● **REQUIRED WORK**: In the records below, repeat exactly the lines between the line holding "So that's pattern" and the line holding "Welcome back to", inclusive, and drop the pictures.

● **MATERIAL SHOWN**:

*****

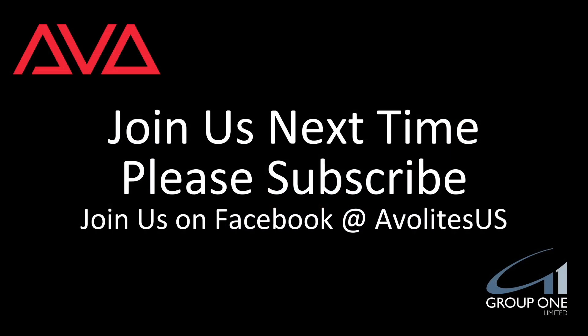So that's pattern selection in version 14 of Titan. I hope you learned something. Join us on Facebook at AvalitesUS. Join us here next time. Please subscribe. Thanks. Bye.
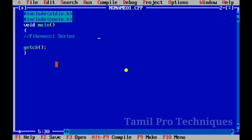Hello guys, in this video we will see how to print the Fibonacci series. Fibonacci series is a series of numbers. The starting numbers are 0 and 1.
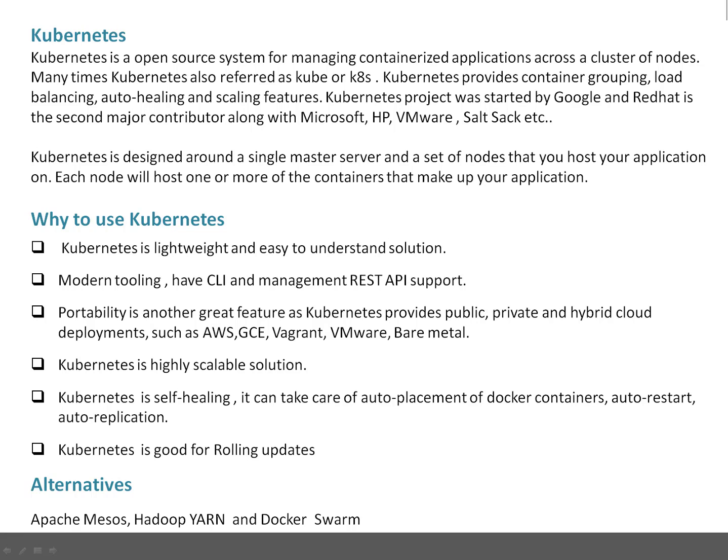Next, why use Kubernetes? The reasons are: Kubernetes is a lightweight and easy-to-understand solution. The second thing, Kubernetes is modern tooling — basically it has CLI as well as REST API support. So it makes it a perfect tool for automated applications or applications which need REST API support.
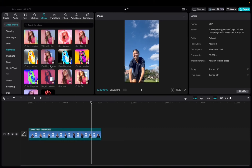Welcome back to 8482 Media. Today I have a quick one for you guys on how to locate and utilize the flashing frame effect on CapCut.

*****

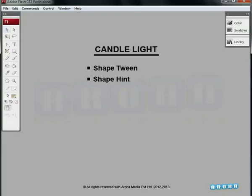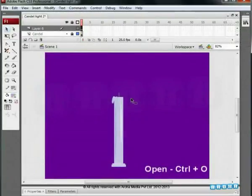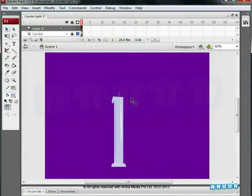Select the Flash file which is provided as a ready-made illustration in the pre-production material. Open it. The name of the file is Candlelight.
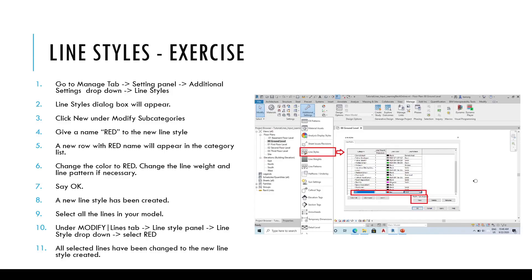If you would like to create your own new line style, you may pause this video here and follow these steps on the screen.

*****

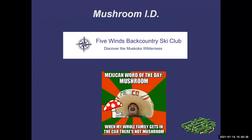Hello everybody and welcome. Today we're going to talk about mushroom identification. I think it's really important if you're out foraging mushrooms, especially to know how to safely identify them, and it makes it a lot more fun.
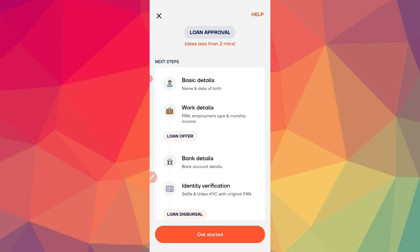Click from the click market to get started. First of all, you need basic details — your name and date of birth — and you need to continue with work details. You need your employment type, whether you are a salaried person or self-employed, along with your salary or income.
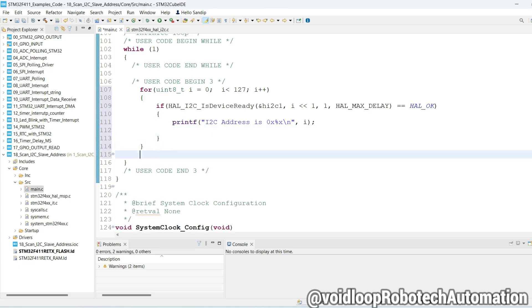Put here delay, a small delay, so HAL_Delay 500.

*****

● **ANSWER SPACE**:
So that's pattern selection in version 14 of Titan. I hope you learned something. Join us on Facebook at AvalitesUS. Join us here next time. Please subscribe. Thanks. Bye.
Hello guys, in this video we will see how to print the Fibonacci series. Fibonacci series is a series of numbers. The starting numbers are 0 and 1.
Next, why use Kubernetes? The reasons are: Kubernetes is a lightweight and easy-to-understand solution. The second thing, Kubernetes is modern tooling — basically it has CLI as well as REST API support. So it makes it a perfect tool for automated applications or applications which need REST API support.
Welcome back to 8482 Media. Today I have a quick one for you guys on how to locate and utilize the flashing frame effect on CapCut.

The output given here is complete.